シオンの反論を遮って、フェラクリウスは自分の鞄からリンゴサイズの塊を彼女に投げ渡した。


「仕事が見つかるまでは

 そいつで食いつなげばいい」


ずしりと重みを感じる布の包み。


その中からた月は食っていけるだけのお金が出てきた。


突然大金を押し付けられ、シオンは狼狽した。


「こ、こんなの受け取れないって!」


「俺には必要ない」


仰天したシオンがそれを突き返そうとするも、フェラクリウスは素知らぬ顔で焚火に枯れ枝をくべている。


シオンは困惑しながら生暖かい布の包みを握りしめた。


「なんなんだよ、アンタ…。

 なんでここまでしてくれるんだよ」


「強くなればわかる」


フェラクリウスはそれ以上は何も語らなかった。


寡黙な男なのだと思った。


彼の優しさに触れ目の奥が熱くなり、涙が溢れそうになるのをシオンは必死にこらえた。


まだ話したい事があるのに声が詰まる。


だが、シオンはもう一つの疑問を口にせずにはいられなかった。


ずっと気になっていた事だった。


「…アンタ、腕に何巻いてんだよ」


激しく動いたせいで右腕の傷が開いてしまった。


こんなこともあろうかとシルクのパンティ―とは別に、もう一枚治療用のパンティー織物をパンテェ村で購入していたのだ。

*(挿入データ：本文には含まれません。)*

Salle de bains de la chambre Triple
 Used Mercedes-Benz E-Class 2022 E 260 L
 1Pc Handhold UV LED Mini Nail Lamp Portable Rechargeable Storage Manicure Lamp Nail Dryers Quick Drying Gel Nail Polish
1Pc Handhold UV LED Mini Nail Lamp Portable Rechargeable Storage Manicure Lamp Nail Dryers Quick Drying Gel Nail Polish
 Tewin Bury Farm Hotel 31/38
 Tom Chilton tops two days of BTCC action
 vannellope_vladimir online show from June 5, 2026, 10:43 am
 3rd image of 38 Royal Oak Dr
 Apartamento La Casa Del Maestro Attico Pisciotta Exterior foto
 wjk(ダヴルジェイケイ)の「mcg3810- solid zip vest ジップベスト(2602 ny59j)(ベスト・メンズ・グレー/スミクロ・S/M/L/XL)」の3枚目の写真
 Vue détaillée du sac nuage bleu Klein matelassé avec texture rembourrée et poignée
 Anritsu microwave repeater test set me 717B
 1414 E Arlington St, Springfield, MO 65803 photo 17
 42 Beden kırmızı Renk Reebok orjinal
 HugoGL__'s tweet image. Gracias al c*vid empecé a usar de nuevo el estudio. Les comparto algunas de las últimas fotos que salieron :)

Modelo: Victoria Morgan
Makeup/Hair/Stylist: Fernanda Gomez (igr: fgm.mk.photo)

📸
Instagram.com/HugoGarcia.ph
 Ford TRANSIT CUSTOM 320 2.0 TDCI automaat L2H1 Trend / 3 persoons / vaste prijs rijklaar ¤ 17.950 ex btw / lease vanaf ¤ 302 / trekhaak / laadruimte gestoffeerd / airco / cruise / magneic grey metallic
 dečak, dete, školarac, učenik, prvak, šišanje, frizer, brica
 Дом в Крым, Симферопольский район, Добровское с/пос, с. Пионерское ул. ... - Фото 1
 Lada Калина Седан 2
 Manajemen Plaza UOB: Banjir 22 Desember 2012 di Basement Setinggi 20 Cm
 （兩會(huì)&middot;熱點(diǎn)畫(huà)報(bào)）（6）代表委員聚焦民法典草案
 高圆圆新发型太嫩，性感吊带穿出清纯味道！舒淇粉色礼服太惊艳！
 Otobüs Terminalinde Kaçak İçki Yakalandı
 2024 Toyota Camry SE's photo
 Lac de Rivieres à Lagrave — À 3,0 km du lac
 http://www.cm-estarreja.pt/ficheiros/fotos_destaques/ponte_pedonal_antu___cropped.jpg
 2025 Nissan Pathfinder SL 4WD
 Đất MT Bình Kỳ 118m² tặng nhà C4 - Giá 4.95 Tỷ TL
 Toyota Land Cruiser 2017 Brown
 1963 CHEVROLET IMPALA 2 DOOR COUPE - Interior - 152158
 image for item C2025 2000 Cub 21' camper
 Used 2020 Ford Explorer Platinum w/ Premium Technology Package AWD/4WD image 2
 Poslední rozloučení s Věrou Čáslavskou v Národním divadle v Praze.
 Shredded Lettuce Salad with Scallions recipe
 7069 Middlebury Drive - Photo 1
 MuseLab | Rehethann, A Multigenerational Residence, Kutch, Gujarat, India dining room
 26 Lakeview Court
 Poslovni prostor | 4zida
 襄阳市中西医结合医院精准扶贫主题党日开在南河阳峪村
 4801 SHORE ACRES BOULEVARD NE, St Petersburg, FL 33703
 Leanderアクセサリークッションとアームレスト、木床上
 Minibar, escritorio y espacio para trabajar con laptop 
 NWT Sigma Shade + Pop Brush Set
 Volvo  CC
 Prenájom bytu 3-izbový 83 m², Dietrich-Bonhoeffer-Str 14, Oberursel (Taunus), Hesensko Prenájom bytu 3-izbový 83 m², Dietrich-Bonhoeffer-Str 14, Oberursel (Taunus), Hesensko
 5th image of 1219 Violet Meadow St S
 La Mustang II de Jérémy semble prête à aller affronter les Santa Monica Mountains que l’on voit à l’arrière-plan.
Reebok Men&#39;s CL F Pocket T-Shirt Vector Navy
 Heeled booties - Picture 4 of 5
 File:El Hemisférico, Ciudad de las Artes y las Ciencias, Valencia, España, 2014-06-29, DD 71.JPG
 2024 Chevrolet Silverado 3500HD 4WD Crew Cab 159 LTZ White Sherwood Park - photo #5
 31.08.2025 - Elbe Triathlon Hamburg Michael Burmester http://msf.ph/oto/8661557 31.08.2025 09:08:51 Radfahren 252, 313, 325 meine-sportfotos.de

抜け目のない男、フェラクリウスは手際よくおニューのパンティーで処置しながらこれらの事情を丁寧に説明しようとした。


「これか?これはパンティーだ。

 一部地域ではパンテェとも言う。

 お前はどっち派だろうな。

 パンティーかな。それともパンテェかな。

 こいつはショーツとして女性のお腹を冷やさない、

 大切な部位を優しく包み込む役割を果たすものだが、

 ここだけの話、止血にも適している。

 もちろん俺は後者を目的に使用している。

 何もいかがわしい理由は無い。

 いいか。パンティーにはな。

 職人が使い手を想う気持ちが込められている。

 大事にしろよ、パンティーを」


寡黙な男じゃなかった。


シオンはそれ以上は何も聞きたくなかった。